A simulated environment (e.g. the user support desk), a simulated system (e.g. a production line) or a realistically recreated role play scenario (e.g. a sales meeting) can allow learners to experience something that is too costly, too risky or even physically impossible to achieve in the real world. You would not let your new trainee managers run your business but you would like them to fully understand every facet of your business as early as possible.

 

Serious Games are delivering a return

Replayability is a key advantage of Serious Games. Learners play out a particular strategy or adopt a certain approach, they may fail or not quite deliver the desired outcome; however, they just need to press the reset button and try a different approach, no harm done, only positive reinforcement of best practice. ‘Learning by doing’ and ‘experiential learning’ are possibly overused terms in this industry, but the practice of repetition with varying inputs and outputs is very pertinent to building a deep understanding of scenarios, concepts, processes and systems.

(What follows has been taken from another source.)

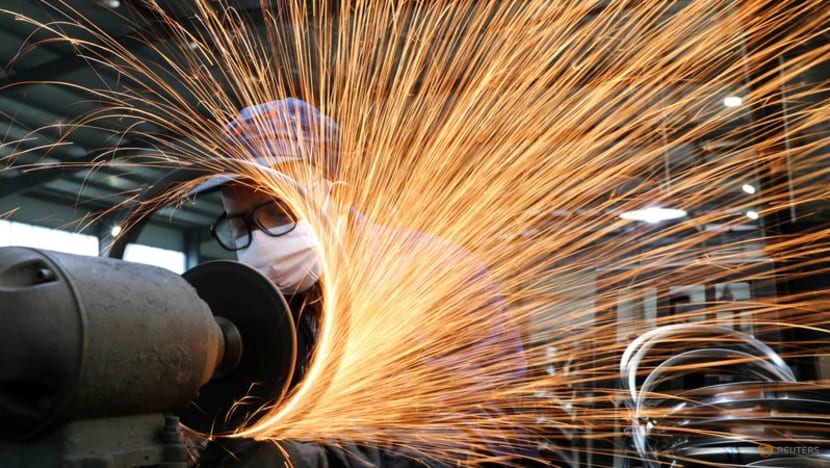 China's falling factory activity a sign of economic woes ahead China's falling factory activity a sign of economic woes ahead
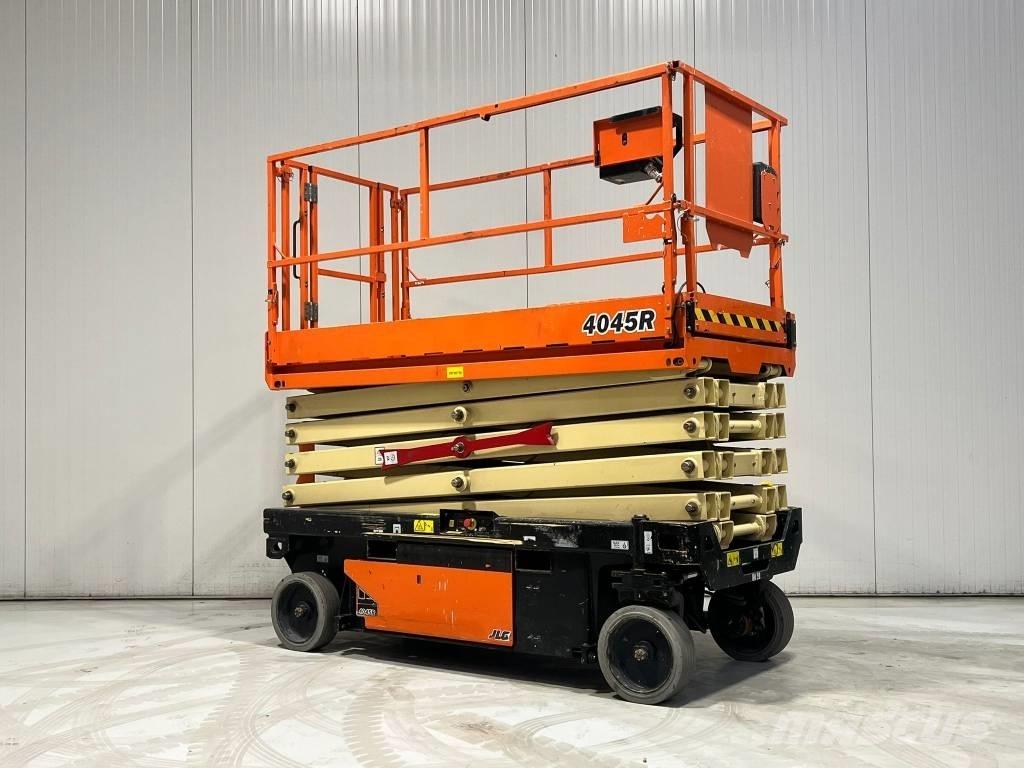 JLG 4045R Ножничные подъемники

This means that not just the large corporations can benefit from what simulations offer.  On measuring the effect of serious games (and simulations), Return on Engagement is a more valuable measure than typical ROI:

  • Observation: During play observation, we can learn so much about a user’s engagement level. Examining their body language for example we can see if they are leaning in, exploring the game world, and paying attention to the information that is presented to them. By listening to the users, especially if they are playing together in a team, or discussing their actions in a debrief we can truly get an understanding of how much users have taken in.

  • Replay Statistics: If you’re looking for more hard and concrete data you can look at how often users revisit your game. This data is readily available on most LMS’s and of course, when we host the games ourselves we can easily access the number of times players re-attempt a scenario or module.

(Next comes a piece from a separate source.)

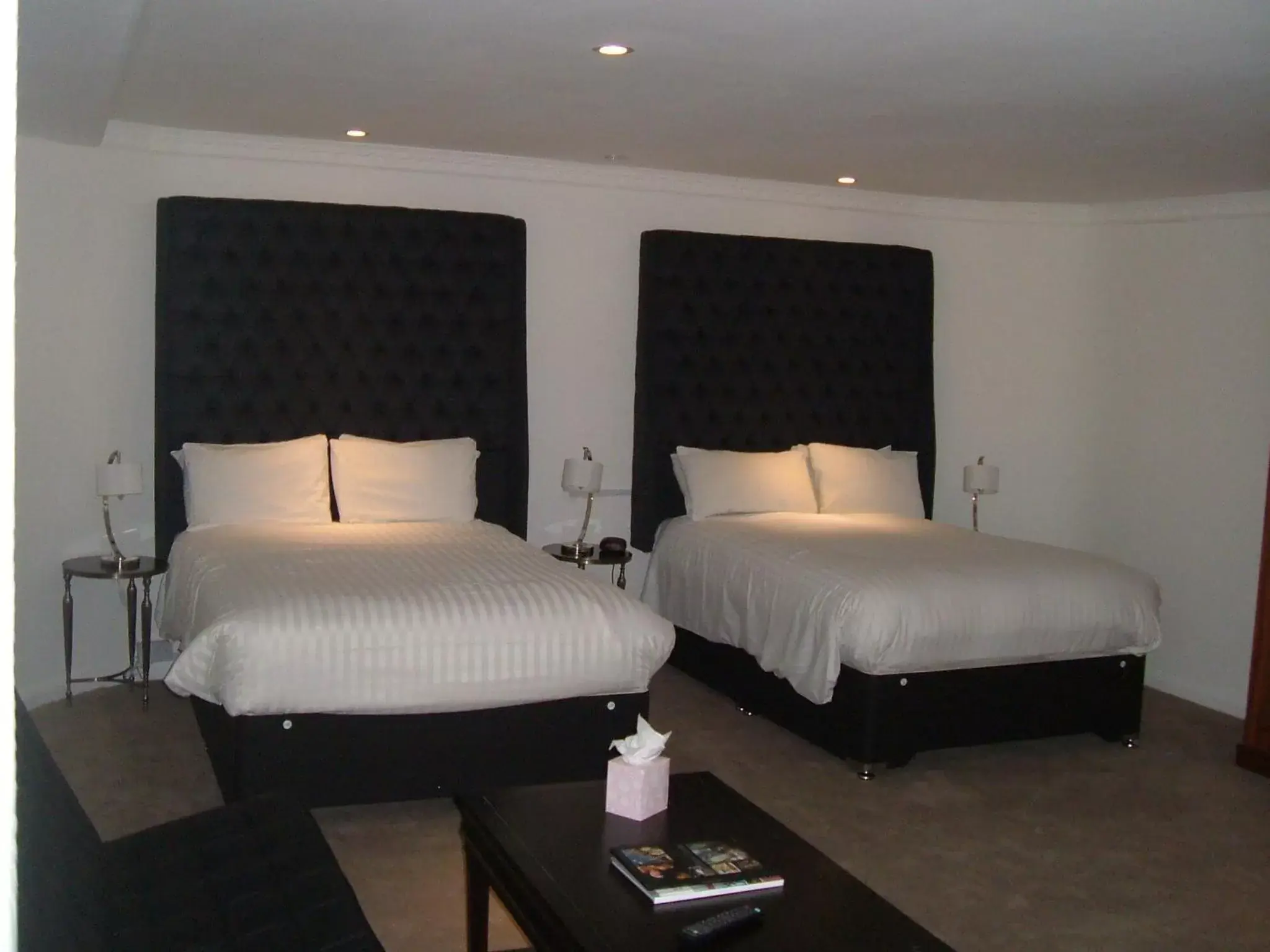 Bed in Barons Court Hotel Walsall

  • Behaviour Change: The gold standard for knowing if you have made an impact is if the end user makes a change, consciously or unconsciously to their behaviour. This may be in the form of internal requests to seek out more information on a topic or a desire to tell others what they have discovered to implementing lessons they have learnt in the game.

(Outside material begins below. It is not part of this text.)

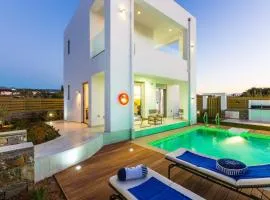 Extraordinary Rethymno Villa Villa Hantengu 3 Bedrooms Beach Front Private Outdoor Swimming Pool And Hot Tub Pigianos Kampos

  • Formal assessment: The traditional approach to measuring the effect of a training programme is, of course, a formal assessment. Be it a multiple question quiz or situational judgement assessment, formal standardised testing is still popular in many courses. In games, we can still build this in but we always try to approach formal assessment in a softer way. Games lend themselves naturally to situational judgement assessment, and of course, we all know we can do multiple choice questions and branching tree structures.  That data can be captured as a score in the LMS or as a detailed breakdown given to the user highlighting their strengths and areas they need to focus on.

In any case, research by Sitzmann and Ely titled “A Meta-Analytic Examination of the Effectiveness of Computer-Based Simulation Games” By the University of Colorado Denver Business School (Oct 2010) found that overall, declarative knowledge was 11% higher for trainees taught with simulation games than a comparison group; procedural knowledge was 14% higher; retention was 9% higher; and self-efficacy was 20% higher.

 

Final Thoughts

If you strip away all the techno-wizardry of the discussion and move to a psychological perspective, games are essentially highly experiential software applications which foster deep levels of cognitive activity, e.g. higher-level thinking skills such as conflict resolution or negotiation, emotional and physical responses.

Games are nothing more than vividly recreated environments or systems in which the user has a meaningful objective; be it ‘how to kill 100 aliens as fast as possible without dying yourself’ or ‘how to settle a contractual dispute with a fictional client’. It is these meaningful goals that derive satisfaction for the learner. And ultimately if the application enables the learner to solve that same problem effectively back in the real world then doubtless the learner’s employer will also derive satisfaction!